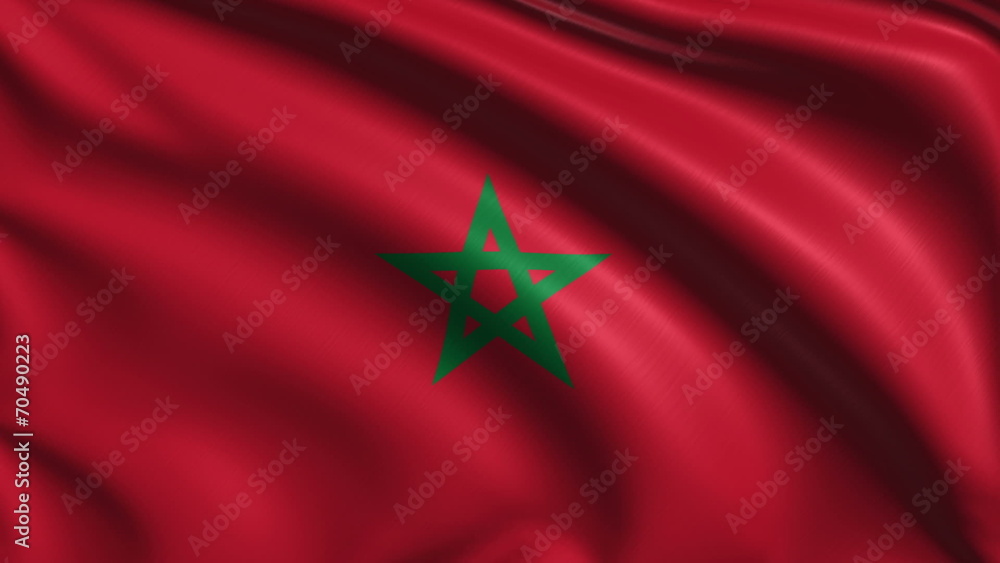 flag of Morocco with fabric structure; looping flag of Morocco with fabric structure; looping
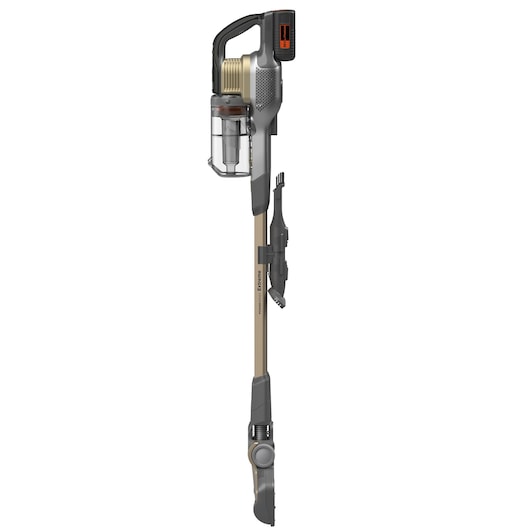 A BLACK+DECKER cordless stick vacuum cleaner with attachments mounted on the handle, shown upright in profile view.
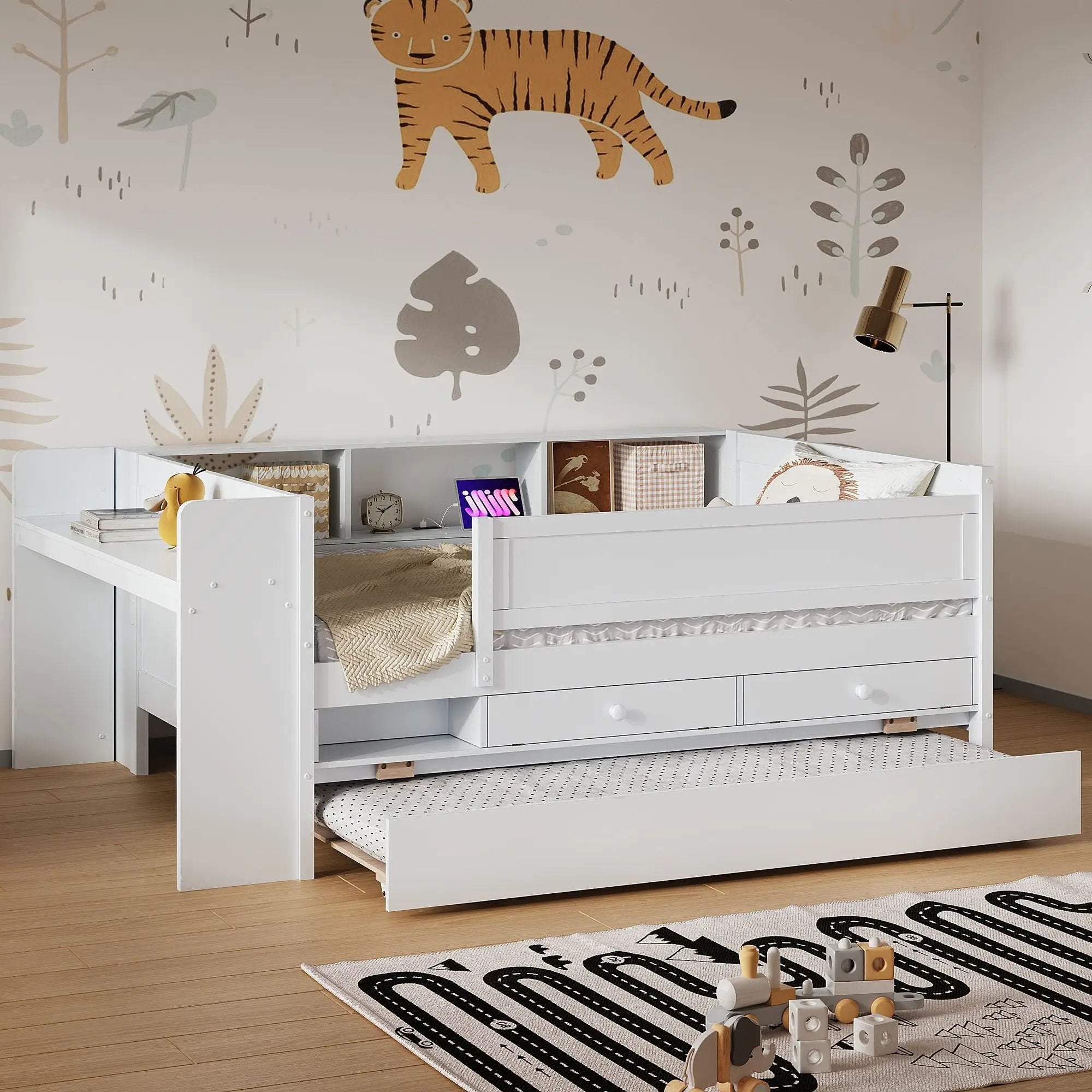Twin Daybed With Drawers, Trundle, Headboard Storage, Study Desk, And USB Charging Station - White by HouseOfZazla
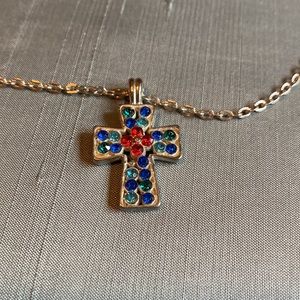 Cross Necklace With Red, Green and Blue Rhinestones like glass chips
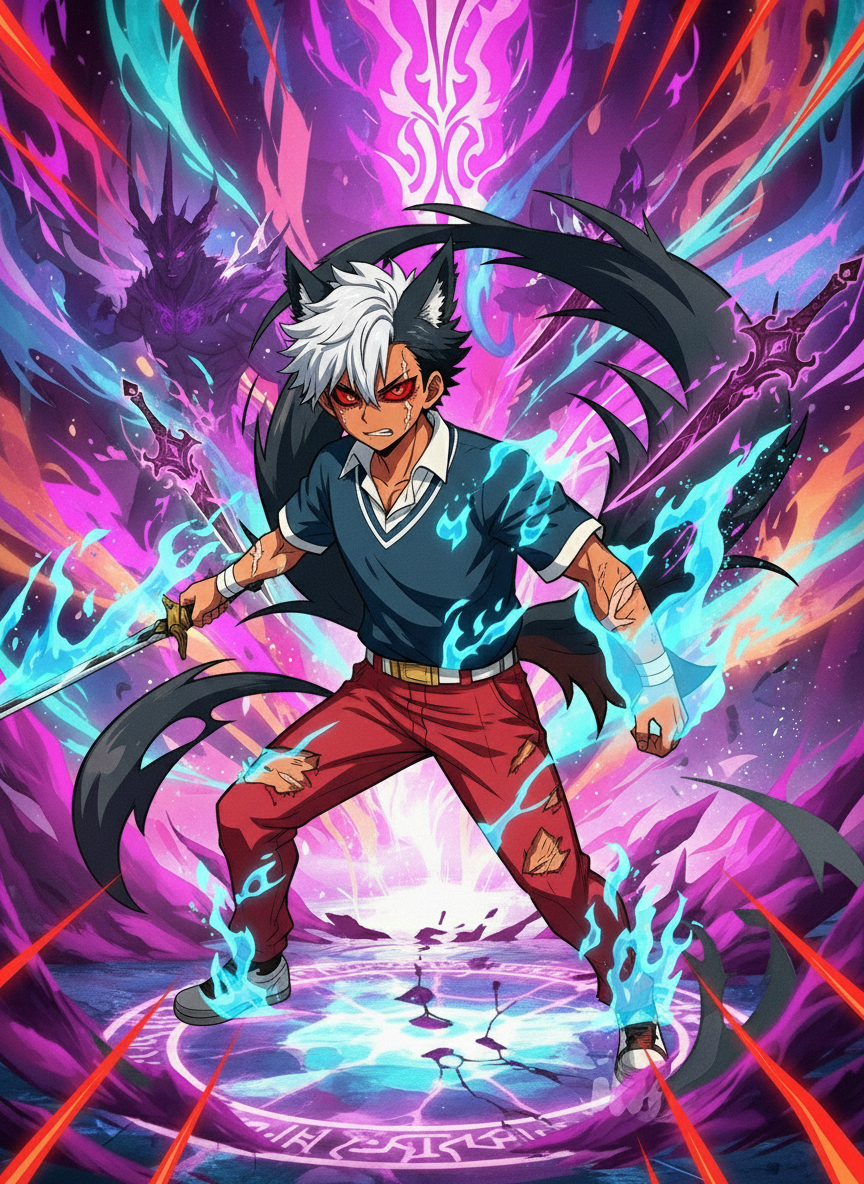 Craft a visually captivating image showcasing Rikou in his demon form, adorned with an intriguing fusion of elements inspired by generated-image (7), (8), and (11), embodying the KomikoAI aesthetic. Portray him with striking white and black hair, red pants, dual swords enveloped in blue flames, and tattered clothing revealing scars covered by a blue flame. Accentuate his dynamic appearance with a demons tail, a red demon eye, and a werewolf eye, creating a harmonious and dynamic scene.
------------------------------------------------------------------------
- _What you are asked to do_: Word for word, restate the lines above from the one with "Twin Daybed With" through the one with "Cross Necklace With", keeping both ends and dropping the pictures.

- _Solved exercise_:
Twin Daybed With Drawers, Trundle, Headboard Storage, Study Desk, And USB Charging Station - White by HouseOfZazla
 Cross Necklace With Red, Green and Blue Rhinestones like glass chips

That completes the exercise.